## Model B: 2 Hidden Layer (w. ReLU)
* Unroll 28 time steps
    * Each step input size 28 x 1
    * Total per unroll: 28 x 28
        * Feedforward Neural Network input size: 28 x 28
* **2 Hidden Layer**
* ReLU activation function

### Steps
* STEP 1: Load dataset
* STEP 2: Make dataset iterable
* STEP 3: Create model class
* **STEP 4: Instantiate model class**
* STEP 5: Instantiate loss class
* STEP 6: Instantiate optimizer class
* STEP 7: Train Model! 

In [1]:
import torch
import torch.nn as nn
import torchvision.transforms as transforms
import torchvision.datasets as dsets
from torch.autograd import Variable

In [2]:
'''
STEP 1: Load Dataset
'''
train_dataset = dsets.MNIST(root="./data",
                            train=True,
                            transform=transforms.ToTensor(), 
                            download=True)

test_dataset = dsets.MNIST(root='./data',
                           train=False,
                           transform=transforms.ToTensor())

'''
STEP 2: Make Dataset Iterable
'''

batch_size = 100
n_iters = 3000
num_epochs = int(n_iters / (len(train_dataset)/batch_size))
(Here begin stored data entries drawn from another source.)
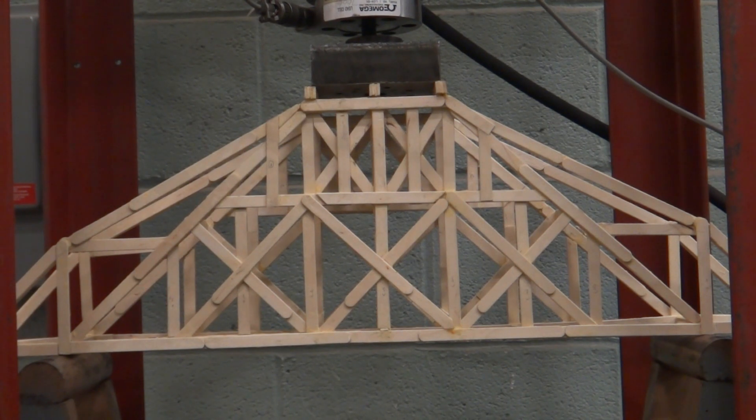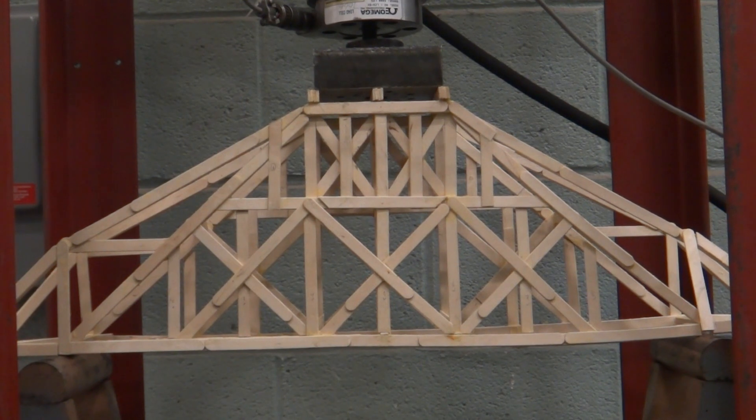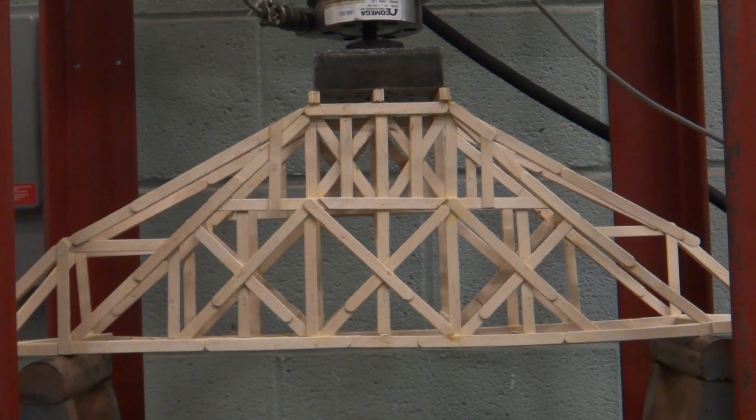Yeah, that's what I thought. The top pieces are breaking. Three. Four. Yeah, stop. Stop.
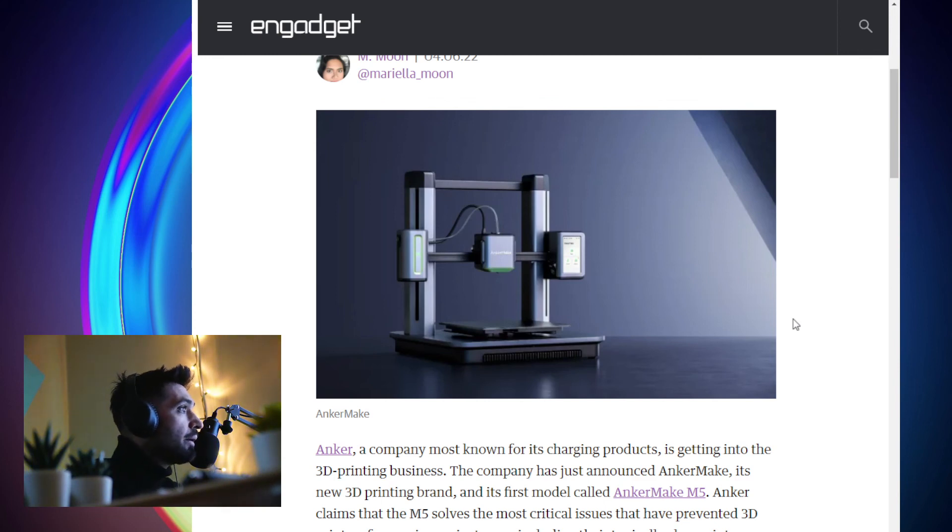If that happens, I would probably get one of these. But for now, it's interesting to see all the brands jumping into 3D printing and how the evolution of 3D printing is coming along. Congratulations, Anker.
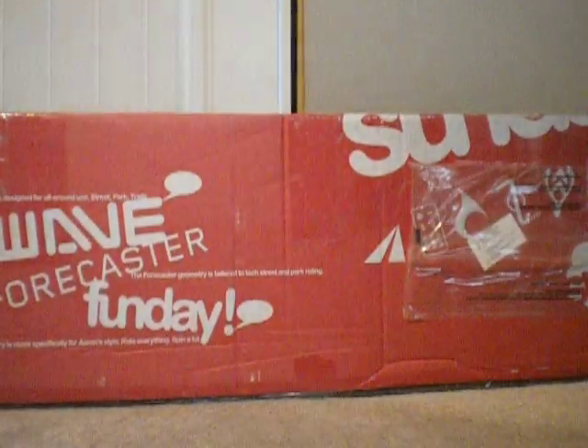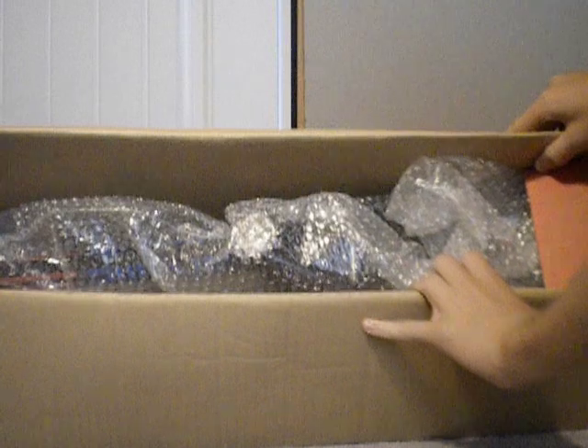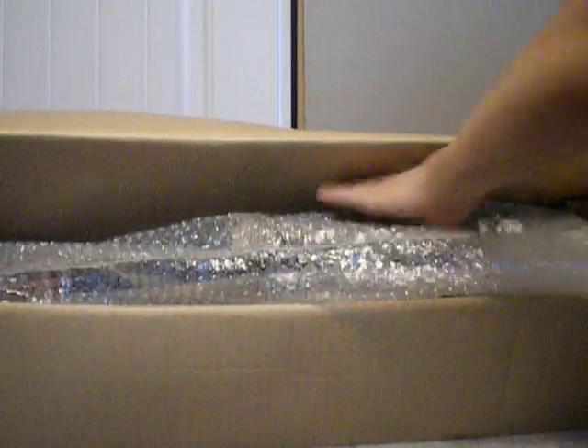Alright, I finally got my Sunday 3rd wave frame. I already took, cut off the tape, but this is the inside of where the frame is. I haven't seen any videos on YouTube of this frame, I haven't seen anyone who has this yet. I just might be the first.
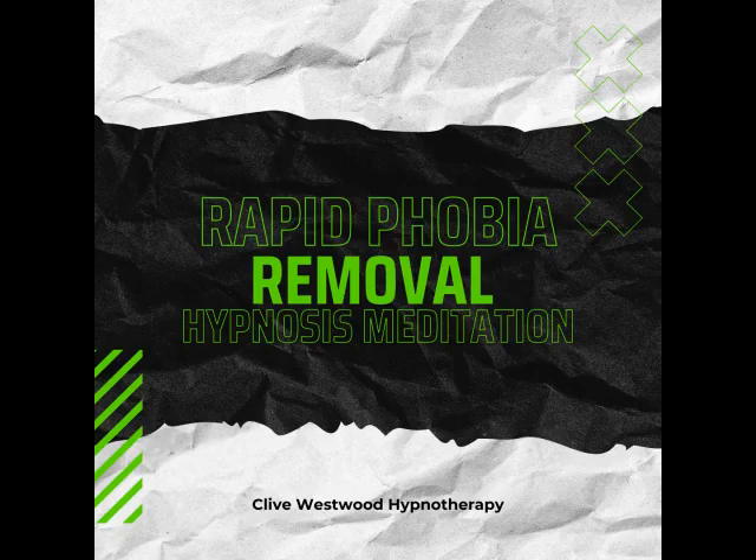Starting to really drift down deeply now, just relaxing and letting go. Nine — feeling so relaxed, so comfortable, so happy as you drift down deeper and deeper and deeper. Eight — going deeper with the sound of my voice. Every sound you hear, every thought that comes into your mind, just takes you deeper into hypnotic relaxation.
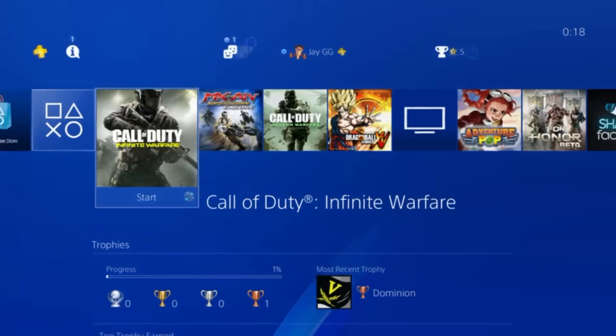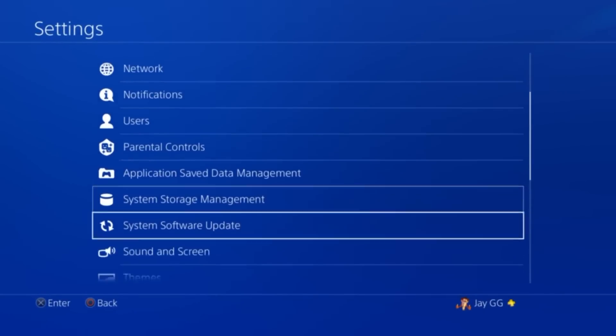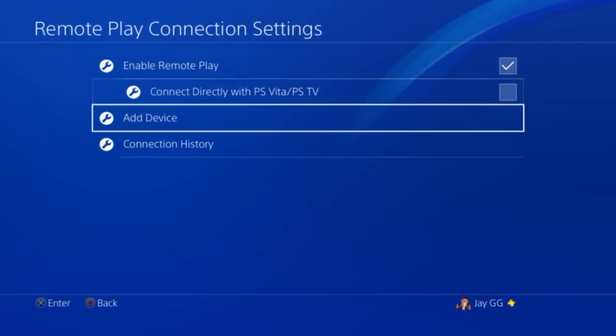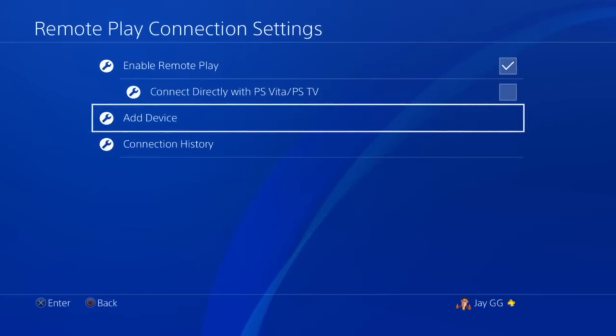What you're going to have to do is go to your Settings and find Remote Play Connection Settings. What you want to do is go to Add Device. Because I'm actually using Remote Play at the moment I can't do it, but you'll add a device and look up for the code. You'll have 300 seconds to input the code. We're going to switch over to Remote Play on our PC and I'll show you guys how it's set up from there.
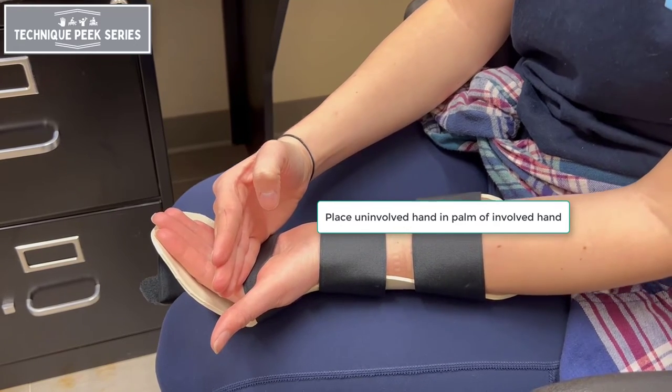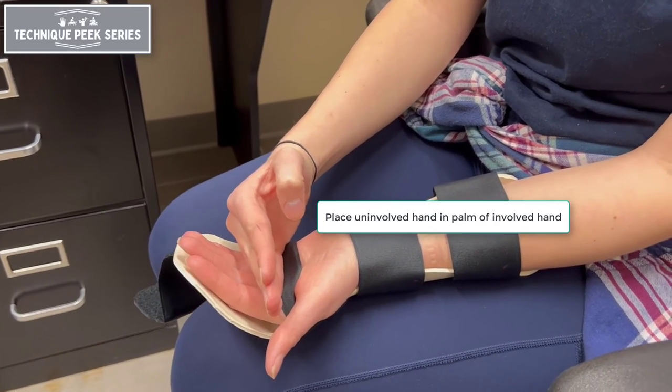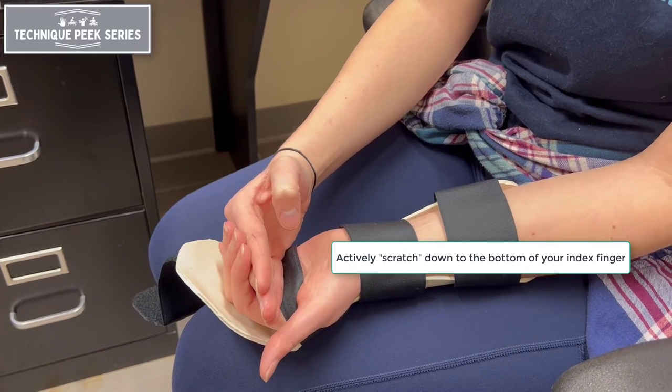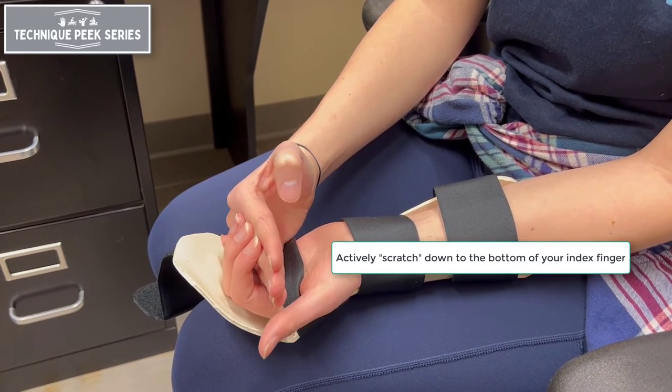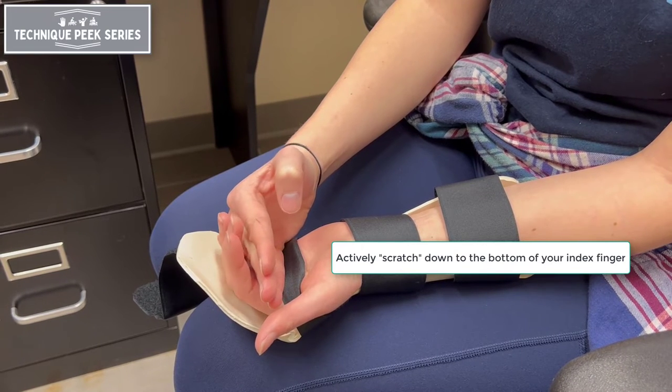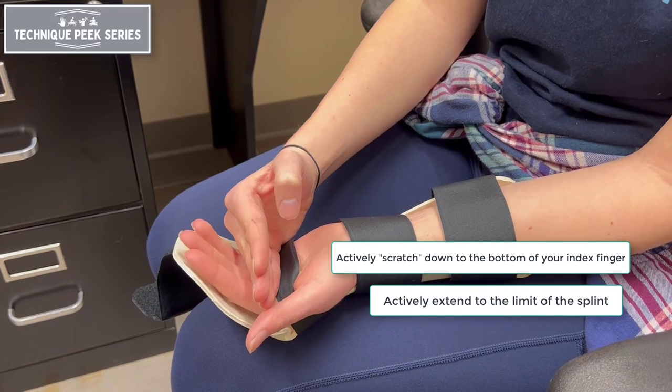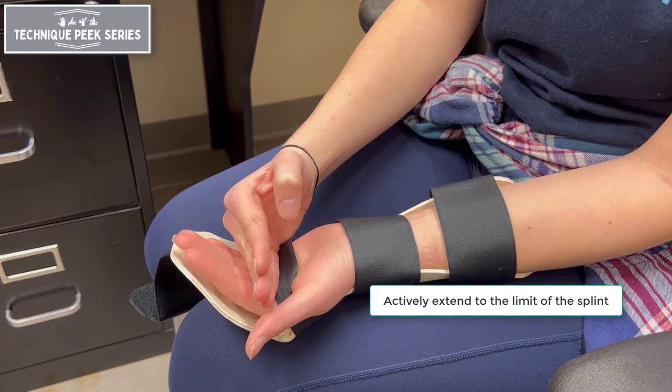Placing the uninvolved hand in the palm of the involved hand during week one, instruct the patient to actively scratch to the base of the index finger, actively extending to the limit of the splint with each repetition. This exercise should be performed 10 repetitions, three to five times daily.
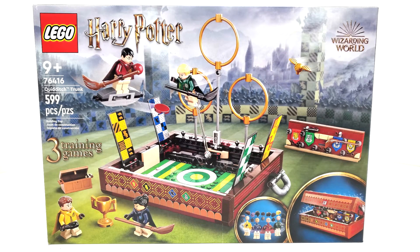Hello everybody, I am JediJackPenguin and welcome back to another LEGO Harry Potter review. Today we're looking at probably the set that I'm least excited to look at in this wave, that being set number 76416, Quidditch Trunk.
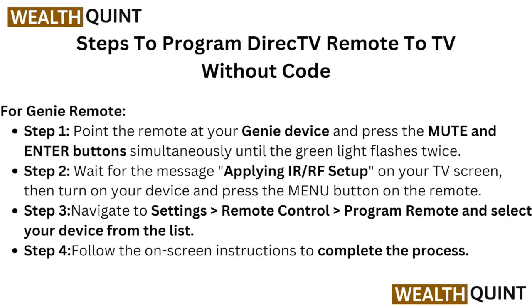Step two, wait for the message 'Applying IR or RF Setup' on your TV screen, then turn on the device and press the menu button on the remote. Step three, navigate to Settings, Remote Control, Program Remote, and select your device from the list.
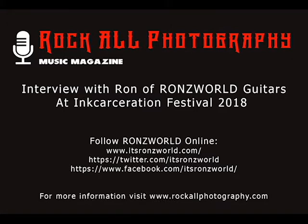This is Sean with Rock Golf Photography Music Magazine, and I'm sitting here with Ron from Ron's World Guitars. How's it going, Ron? Good, man. How are you? Very good. Can you tell me a little bit about Ron's World and what do you do or offer at festivals like Incarceration?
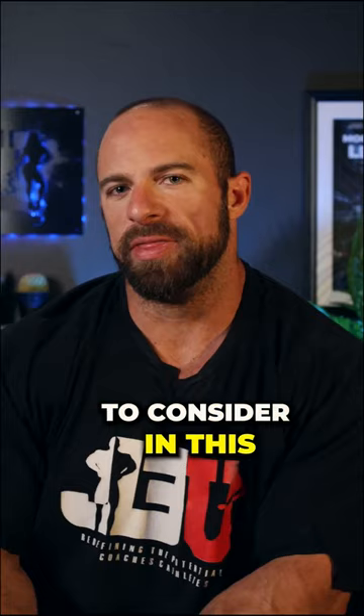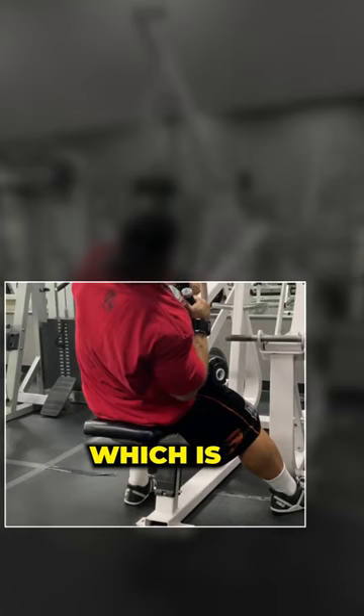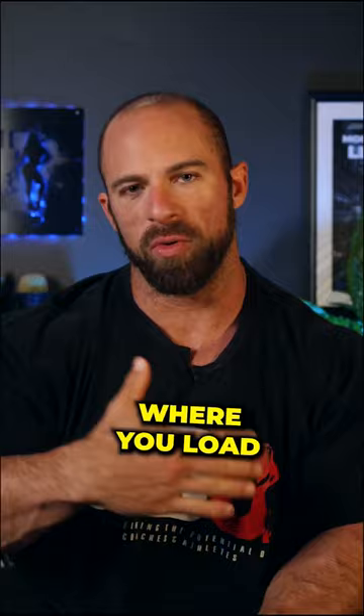One thing to consider is the moment arm where you load the plates. I put my seat at a pretty low position so that moment arm is the hardest — the farthest away from the pivot point where you load the plates right when you start the movement.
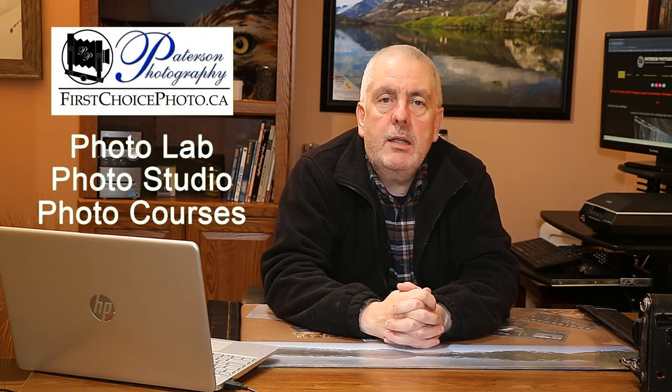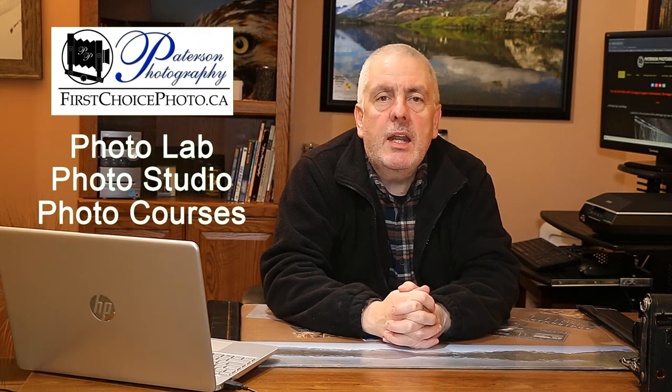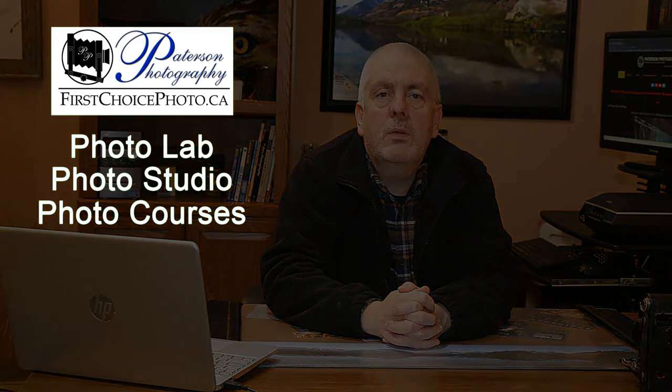Until next time, have a great day. Get out there and get some great pictures, find yourself a good lab, and have them all printed. Talk to you soon — bye bye.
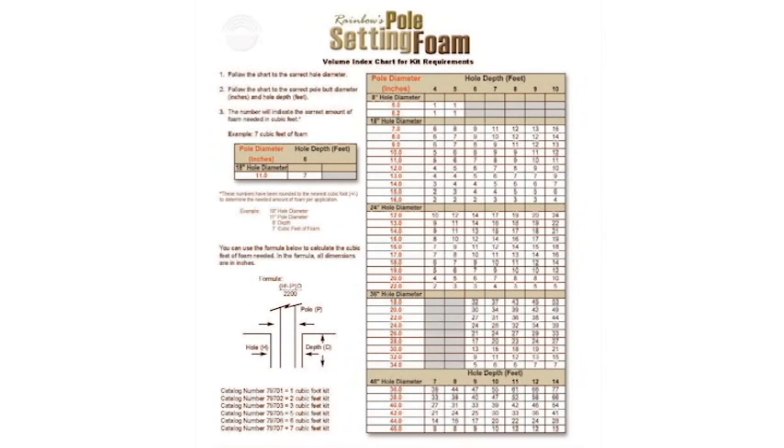Now, how much pole setting foam do we actually need to use for a particular situation? Most generally, all the distribution augers are in the neighborhood of 18 inches in diameter. We know that this is going to be the diameter of the hole, and we know how deep the hole is going to be based on the height of the pole — the 10% plus 2 theory. So a 40-foot pole would go 6 feet deep in the ground.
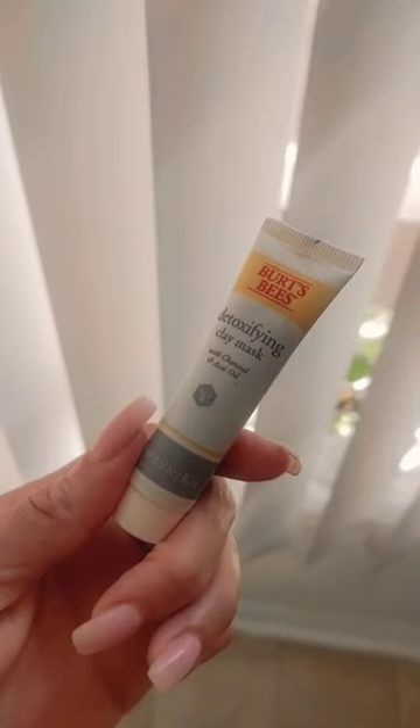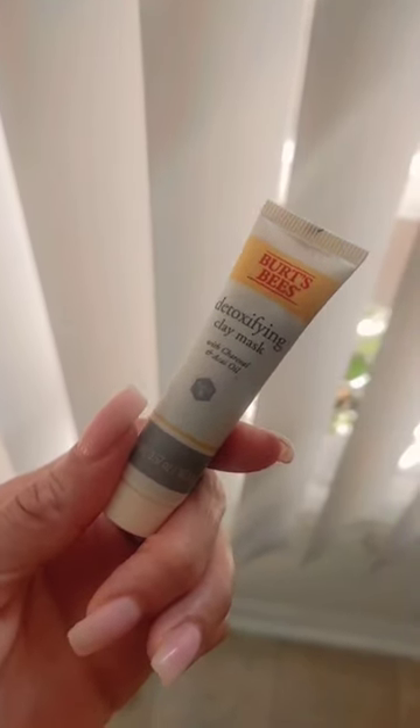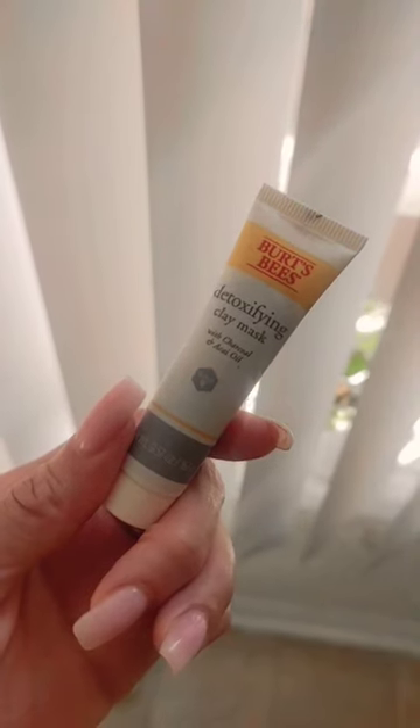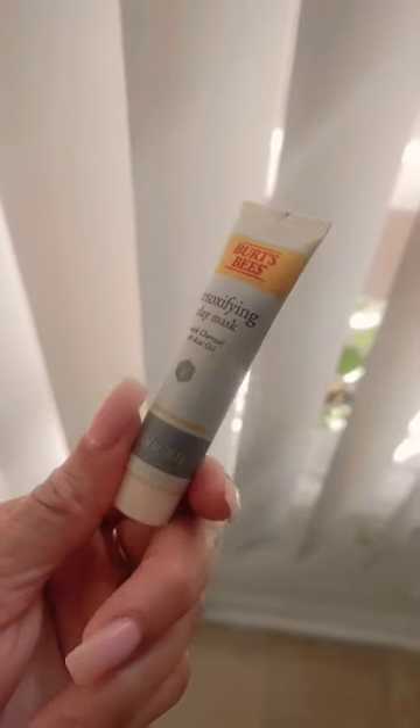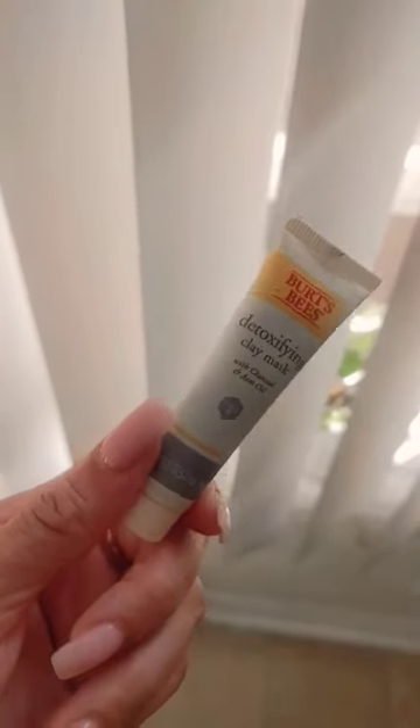We're gonna do one that's gonna detoxify this face. The detoxifying mask we're using today is the Burt's Bees detoxifying clay mask with charcoal — this is one of my favorites. I don't know if they sell this in a bigger tube; I always see it in the smaller tubes. So let's go ahead and put it on.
train_loader = torch.utils.data.DataLoader(dataset=train_dataset,
                                           batch_size=batch_size,
                                           shuffle=True)

test_loader = torch.utils.data.DataLoader(dataset=test_dataset,
                                          batch_size=batch_size,
                                          shuffle=False)

'''
STEP 3: Create Model Class
'''

class RNNModel(nn.Module):
    def __init__(self, input_dim, hidden_dim, layer_dim, output_dim):
        super(RNNModel, self).__init__()
        # Hidden Dimensions
        self.hidden_dim = hidden_dim
        
        # Number of hidden layers
        self.layer_dim = layer_dim
        
        # Building your RNN
        # batch_first=True causes input/output Tensors to be of shape
        # (batch_dim, seq_dim, input_dim)
        self.rnn = nn.RNN(input_dim, hidden_dim, layer_dim, batch_first=True, nonlinearity='relu')
        
        # Readout Layer
        self.fc = nn.Linear(hidden_dim, output_dim)
        
    def forward(self, x):
        # Initialize hidden state with zeros
        # (layer_dim, batch_size, hidden_dim)
        h0 = Variable(torch.zeros(self.layer_dim, x.size(0), self.hidden_dim))
        
        # One time step
        out, hn = self.rnn(x, h0)
        
        # Index hidden state of last time step
        # out.size() --> 100, 28, 100
        # out[:, -1, :] --> 100, 100 --> just want last time step hidden states!
        out = self.fc(out[:, -1, :])
        # out.size() --> 100, 10
        return out

'''
STEP 4: Instantiate Model Class
'''

input_dim = 28
hidden_dim = 100
layer_dim = 2   # This is the only change to add another hidden layer to the model! Simple! 
output_dim = 10

model = RNNModel(input_dim, hidden_dim, layer_dim, output_dim)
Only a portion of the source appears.